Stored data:
==============================

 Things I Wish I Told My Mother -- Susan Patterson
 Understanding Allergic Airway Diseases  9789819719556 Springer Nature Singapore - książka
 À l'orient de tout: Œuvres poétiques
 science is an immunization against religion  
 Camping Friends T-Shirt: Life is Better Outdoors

==============================

WORK ITEM:
From the line with "À l'orient de tout: Œuvres poétiques" to the final line of the entries above, return every line exactly as written.

EXERCISE ANSWER:
 À l'orient de tout: Œuvres poétiques
 science is an immunization against religion  
 Camping Friends T-Shirt: Life is Better Outdoors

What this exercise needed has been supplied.